= What you will do =
Transcribe the data that follows without changing a word, and omit the pictures.

= Data shown =
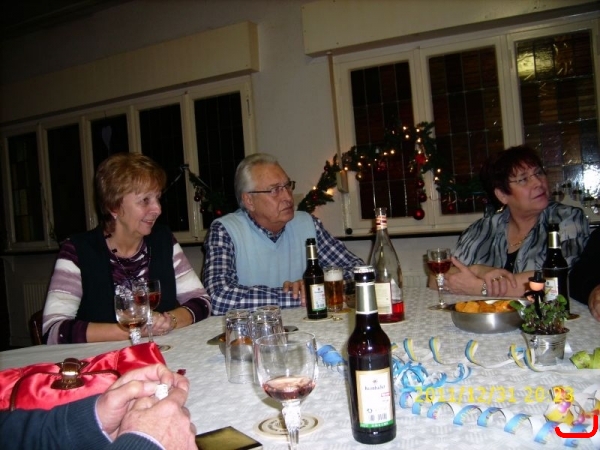 Silvester
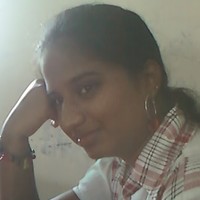 Suganthi Sharon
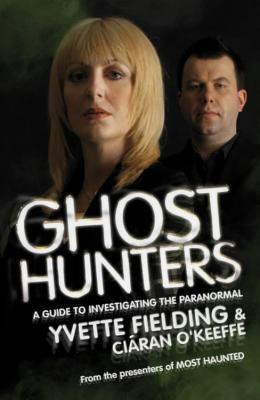 Yvette Fielding / Ghost Hunters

= Result for this exercise =
 Silvester
 Suganthi Sharon
 Yvette Fielding / Ghost Hunters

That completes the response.